Para concluir, o que estamos propondo, a partir desses autores, é
uma visão acerca da mídia em que ela seja pensada como lugar de
hegemonia mas também de contra-hegemonia, de disputas pelo controle
do discurso, pelo direito de construir significados para a realidade
social, de lutas por poder. Partilhamos, com esses e outros autores,
da idéia de que a luta de classes está se deslocando, cada vez mais,
do campo explícito das relações de produção ou das disputas
partidárias para o campo da cultura, onde a mídia ocupa lugar
central. Por isso precisamos discuti-la cada vez mais, por isso a
importância de eventos como esse.

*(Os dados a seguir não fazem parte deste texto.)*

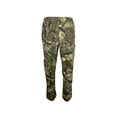 thumbnail image 2 of MidwayUSA Men's All Purpose 6-Pocket Field Pants Realtree APX 30X34, 2 of 3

Mas é preciso levar em conta que
não basta compreendermos a mídia como lugar de alienação e
manipulação, pois com isso perdemos de vista a riqueza do processo
social, em que sujeitos concretos, históricos, estão vivendo e
construindo suas realidades, num jogo de estratégias e táticas, no
sentido proposto por Michel de Certeau, que não cabe em esquemas
reducionistas do tipo maniqueísta e polarizado. Esvaziar o lugar dos
sujeitos na práxis social é negar o próprio lugar da história e da
dialética na construção da realidade social. Isso, como já havia
apontado o próprio Marx, só serve ao poder dominante, pois é, como
toda ideologia no sentido marxista, alienação e mascaramento da
realidade. Combater a dominação, portanto, requer que se reconheça a
dialética do mundo, e, portanto, o lugar dos sujeitos sociais,
inclusive dos receptores, neste processo histórico.